We wtorek przed południem na trasie S8 na wysokości Wrocławia doszło do samozapłonu Forda Transita w barwach jednej z najpopularniejszych firm kurierskich. Kierowca szybko zjechał na pobocze drogi ekspresowej i wraz z pasażerem zdążył opuścić płonący pojazd.

Obłoki dymu wydobywające się spod maski i z kabiny pojazdu były widoczne z daleka, co uchwycił na nagraniu pasażer jednego z przejeżdżających tamtędy samochodów. Uwagę zwraca postawa dostawców, nie tracąc chwili, zaczęli bowiem wyjmować z samochodu paczki, by ocalić je przed płomieniami. Być może uratowali w ten sposób tegoroczne święta kilku rodzinom czekającym na zamówione przesyłki.

Większość paczek z prezentami została uratowana

Serwis GazetaWroclawska.pl otrzymał od czytelników inne zdjęcia i nagrania, na których widać, że kurierom udało się wyjąć większość paczek, zanim ogień dotarł do przestrzeni ładunkowej. Niestety, nie można powiedzieć tego samego o dostawczym Fordzie Transicie – zapewne był to jego ostatni kurs nie tylko przed tymi świętami, ale w ogóle.

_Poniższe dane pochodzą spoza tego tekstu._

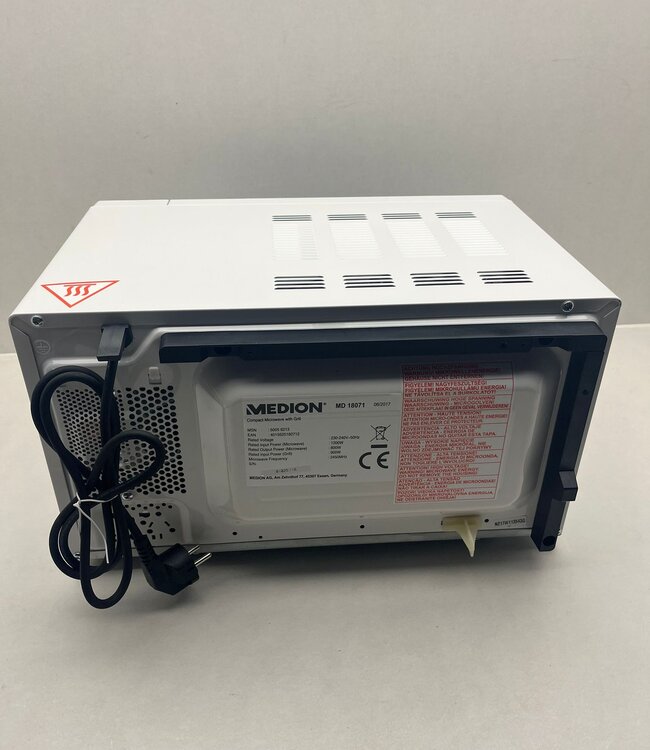 Medion Magnetron met grill MD18071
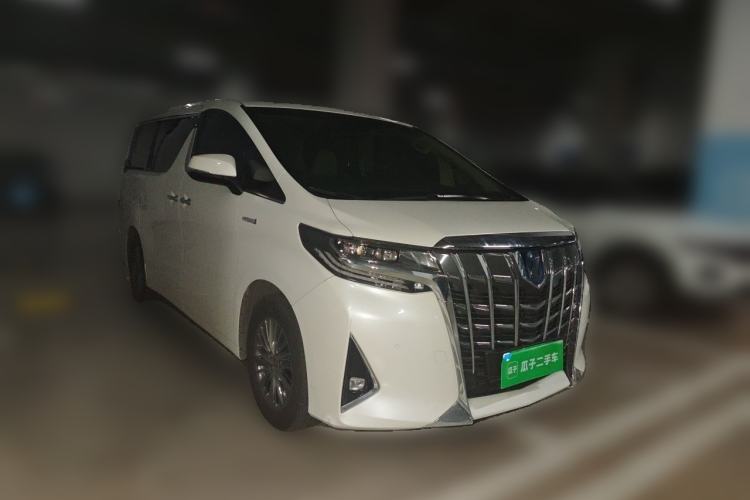 Used Toyota Alphard 2021 Dual-Engine 2.5L Prestige Edition Front Right 45 Deg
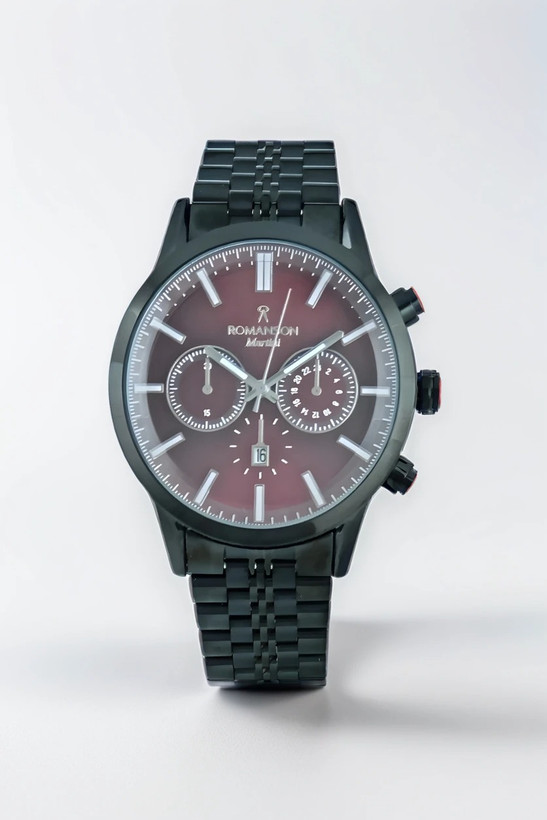 ساعت مچی اسپرت مردانه رومانسون مارتینی ،مدل سه زمانه ،با ظاهر بسیار جذاب و لوکس و کیفیت عالی نسبت به قیمت اقتصادی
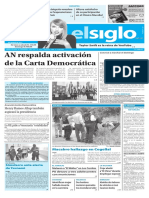 Edición Impresa Elsiglo 22-03-2017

Czytelnicy przejeżdżający tym odcinkiem trasy S8 poinformowali też redakcję o tym, że na miejscu pojawiły się trzy zastępy strażaków, policjanci i ciężarówka, do której zostały przeniesione towary. Najważniejsze jednak, że w tym zdarzeniu nie ucierpiał żaden człowiek. Służby starają się teraz ustalić, jak doszło do tej sytuacji.